Levin argued that banks backed by the Federal Deposit Insurance Corp.should not be engaged in risky trading.
"No risky trading if you're going to go to the federal reserve and have access to federal funds or if there's going to be a federal guarantee, one or the other," he said.
The Senate Permanent Subcommittee on Investigations said Monday that its 18-month investigation found that Goldman helped create the housing bubble by selling securities backed by risky subprime mortgage loans and then profited off that bubble's bursting by secretly betting against the market.
Levin's committee forced Goldman to turn over 2 million pages of documents that Levin said proves his case and shows that Goldman overall made $3.7 billion from the financial crisis.
At a testy hearing Tuesday that lasted 10 hours and 41 minutes, senators grilled Blankfein and and six others, including now-infamous Goldman trader Fabrice "Fabulous Fab" Tourre.
Tourre made headlines earlier this month after the SEC's lawsuit revealed an e-mail from him that seemed to indicate he didn't fully understand the complex deals he was making.
"More and more leverage in the system, The whole building is about to collapse anytime now ... Only potential survivor, the fabulous Fab (rice Tourre) ... standing in the middle of all these complex, highly leveraged, exotic trades he created without necessarily understanding all of the implications of those monstruosities (sic)!!!" Tourre wrote to a friend in January 2007, according to the SEC's complaint.
Tourre strongly asserted his innocence, insisting repeatedly to a Senate panel that he didn't mislead clients in a controversial mortgage derivative product the SEC claims was designed to fail.
"I deny -- categorically -- the SEC's allegation," Tourre said. "And I will defend myself in court against this false claim."
Levin on Tuesday also confronted a former Goldman trader with an e-mail in which another former Goldman executive described a mortgage-backed deal as "sh**ty."

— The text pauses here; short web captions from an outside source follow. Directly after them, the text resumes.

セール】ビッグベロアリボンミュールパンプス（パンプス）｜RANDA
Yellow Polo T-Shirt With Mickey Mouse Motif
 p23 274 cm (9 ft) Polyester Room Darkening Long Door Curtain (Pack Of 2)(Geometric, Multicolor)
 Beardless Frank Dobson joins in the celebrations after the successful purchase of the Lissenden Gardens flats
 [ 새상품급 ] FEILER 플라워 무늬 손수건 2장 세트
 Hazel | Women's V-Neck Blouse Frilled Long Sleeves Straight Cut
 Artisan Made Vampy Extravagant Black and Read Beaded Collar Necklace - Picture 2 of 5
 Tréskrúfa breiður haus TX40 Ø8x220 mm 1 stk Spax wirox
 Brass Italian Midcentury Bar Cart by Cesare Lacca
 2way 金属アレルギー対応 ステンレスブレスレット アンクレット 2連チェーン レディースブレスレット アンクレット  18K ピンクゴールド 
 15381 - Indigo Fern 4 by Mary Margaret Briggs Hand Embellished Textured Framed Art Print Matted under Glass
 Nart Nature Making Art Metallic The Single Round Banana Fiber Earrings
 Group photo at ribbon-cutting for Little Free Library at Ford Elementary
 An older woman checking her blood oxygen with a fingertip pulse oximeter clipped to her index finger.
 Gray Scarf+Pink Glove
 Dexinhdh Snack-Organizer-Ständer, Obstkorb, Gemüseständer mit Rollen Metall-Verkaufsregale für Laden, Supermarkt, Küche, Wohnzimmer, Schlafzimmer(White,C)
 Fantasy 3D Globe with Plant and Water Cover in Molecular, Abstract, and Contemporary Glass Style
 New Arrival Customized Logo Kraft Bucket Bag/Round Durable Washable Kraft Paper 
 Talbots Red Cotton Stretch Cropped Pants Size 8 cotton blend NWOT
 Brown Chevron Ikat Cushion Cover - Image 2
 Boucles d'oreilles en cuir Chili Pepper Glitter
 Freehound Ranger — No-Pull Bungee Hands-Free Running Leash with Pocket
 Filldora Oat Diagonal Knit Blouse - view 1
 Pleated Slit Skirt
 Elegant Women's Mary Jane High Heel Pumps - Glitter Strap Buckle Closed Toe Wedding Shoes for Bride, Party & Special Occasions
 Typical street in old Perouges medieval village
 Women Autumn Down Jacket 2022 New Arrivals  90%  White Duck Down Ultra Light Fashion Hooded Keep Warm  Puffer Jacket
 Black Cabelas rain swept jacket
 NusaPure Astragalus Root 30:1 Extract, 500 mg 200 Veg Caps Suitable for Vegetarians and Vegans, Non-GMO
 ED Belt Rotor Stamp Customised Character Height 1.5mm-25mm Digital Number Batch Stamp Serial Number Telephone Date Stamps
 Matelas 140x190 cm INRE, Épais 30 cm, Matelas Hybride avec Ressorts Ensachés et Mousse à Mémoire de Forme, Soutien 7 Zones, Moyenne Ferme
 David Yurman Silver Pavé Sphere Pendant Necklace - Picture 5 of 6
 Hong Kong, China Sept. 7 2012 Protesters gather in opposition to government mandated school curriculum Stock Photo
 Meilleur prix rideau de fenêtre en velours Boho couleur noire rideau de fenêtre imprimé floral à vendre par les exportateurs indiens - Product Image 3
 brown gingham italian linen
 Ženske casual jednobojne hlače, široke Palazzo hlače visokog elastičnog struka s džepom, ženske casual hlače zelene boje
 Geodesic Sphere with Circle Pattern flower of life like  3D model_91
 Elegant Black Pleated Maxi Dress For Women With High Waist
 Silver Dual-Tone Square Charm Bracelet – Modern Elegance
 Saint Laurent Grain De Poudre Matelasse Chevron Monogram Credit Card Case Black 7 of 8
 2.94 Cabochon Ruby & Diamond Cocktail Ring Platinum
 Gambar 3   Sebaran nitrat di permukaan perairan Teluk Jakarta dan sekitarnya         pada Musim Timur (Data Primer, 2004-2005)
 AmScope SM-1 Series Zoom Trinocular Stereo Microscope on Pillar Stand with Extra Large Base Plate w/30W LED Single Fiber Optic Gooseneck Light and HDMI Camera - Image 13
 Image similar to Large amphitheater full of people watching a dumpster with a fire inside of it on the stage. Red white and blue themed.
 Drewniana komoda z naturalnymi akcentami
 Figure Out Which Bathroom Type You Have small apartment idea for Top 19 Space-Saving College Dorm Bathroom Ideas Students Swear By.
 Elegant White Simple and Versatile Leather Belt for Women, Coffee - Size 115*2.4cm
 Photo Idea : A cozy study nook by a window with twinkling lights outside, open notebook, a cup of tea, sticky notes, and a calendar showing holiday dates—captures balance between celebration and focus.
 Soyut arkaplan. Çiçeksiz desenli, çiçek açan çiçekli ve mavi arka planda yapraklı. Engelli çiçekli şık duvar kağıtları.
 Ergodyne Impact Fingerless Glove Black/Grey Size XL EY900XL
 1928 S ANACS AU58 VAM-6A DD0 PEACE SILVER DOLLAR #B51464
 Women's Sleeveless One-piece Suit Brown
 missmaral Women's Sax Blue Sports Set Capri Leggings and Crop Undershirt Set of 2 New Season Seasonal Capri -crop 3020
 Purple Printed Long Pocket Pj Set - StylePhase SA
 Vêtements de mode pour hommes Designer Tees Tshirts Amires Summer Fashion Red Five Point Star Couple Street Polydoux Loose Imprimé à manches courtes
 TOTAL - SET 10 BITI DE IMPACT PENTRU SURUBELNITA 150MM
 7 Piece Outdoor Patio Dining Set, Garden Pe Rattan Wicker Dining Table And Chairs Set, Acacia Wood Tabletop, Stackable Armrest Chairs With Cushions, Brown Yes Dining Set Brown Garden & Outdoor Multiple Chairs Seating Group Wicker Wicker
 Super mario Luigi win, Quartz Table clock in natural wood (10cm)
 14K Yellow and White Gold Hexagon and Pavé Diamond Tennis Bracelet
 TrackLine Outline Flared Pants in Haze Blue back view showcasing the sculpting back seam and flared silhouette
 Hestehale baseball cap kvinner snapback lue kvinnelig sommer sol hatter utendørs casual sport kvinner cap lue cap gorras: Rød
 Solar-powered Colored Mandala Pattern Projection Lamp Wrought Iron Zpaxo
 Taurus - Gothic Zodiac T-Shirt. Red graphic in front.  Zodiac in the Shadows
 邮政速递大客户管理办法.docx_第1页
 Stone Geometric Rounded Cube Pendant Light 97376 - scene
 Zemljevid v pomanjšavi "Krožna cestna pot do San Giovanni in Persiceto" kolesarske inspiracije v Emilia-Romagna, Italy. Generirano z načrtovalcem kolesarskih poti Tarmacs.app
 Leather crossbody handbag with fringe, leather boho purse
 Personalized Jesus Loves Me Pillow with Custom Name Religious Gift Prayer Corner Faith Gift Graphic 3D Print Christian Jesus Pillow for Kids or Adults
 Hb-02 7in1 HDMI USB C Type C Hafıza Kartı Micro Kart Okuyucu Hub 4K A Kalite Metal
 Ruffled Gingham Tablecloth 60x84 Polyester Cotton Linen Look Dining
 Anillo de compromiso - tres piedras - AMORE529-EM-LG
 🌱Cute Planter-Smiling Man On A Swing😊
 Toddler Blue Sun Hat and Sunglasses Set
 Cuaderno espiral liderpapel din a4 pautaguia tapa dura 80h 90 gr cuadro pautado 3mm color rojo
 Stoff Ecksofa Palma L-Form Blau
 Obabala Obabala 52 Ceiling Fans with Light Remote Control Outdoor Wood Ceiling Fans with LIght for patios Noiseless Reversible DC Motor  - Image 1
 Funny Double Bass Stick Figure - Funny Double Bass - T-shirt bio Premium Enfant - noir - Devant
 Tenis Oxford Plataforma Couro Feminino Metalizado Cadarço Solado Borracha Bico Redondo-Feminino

The transaction in question was Timberwolf Ltd., a $1 billion collateralized debt obligation holding pieces of other such instruments. In an e-mail to Daniel Sparks, then head of Goldman's mortgage desk, Thomas Montag, Goldman's former head of sales and trading, called a set of mortgage-linked investments sold by the firm as "one shi**y deal," according to an e-mail that Sen. Levin quoted. Within five months, Timberwolf lost 80 percent of its value.
"Do you think it was a sh**ty deal?" Levin asked Sparks, one of seven Goldman executives who testified Tuesday. Sparks said he did not recall the e-mail, and did not directly answer the question.
"If you can't give a clear answer to that one Mr. Sparks then we're not going to get any clear answers from you today," Levin said.
Goldman's profits rose considerably after the financial collapse in 2007, just as other investment banks saw a drop.
Blankfein and other Goldman executives defended the firm even as senators accused them of deceiving their own clients.
"Our clients' trust is not only important to us, it's essential to us," Blankfein told senators Tuesday. "It's why we're a successful firm."
None of the executives present at the hearing ever said they were sorry or regretful for the deals that senators charge tanked the market. But Blankfein said that wasn't coordinated.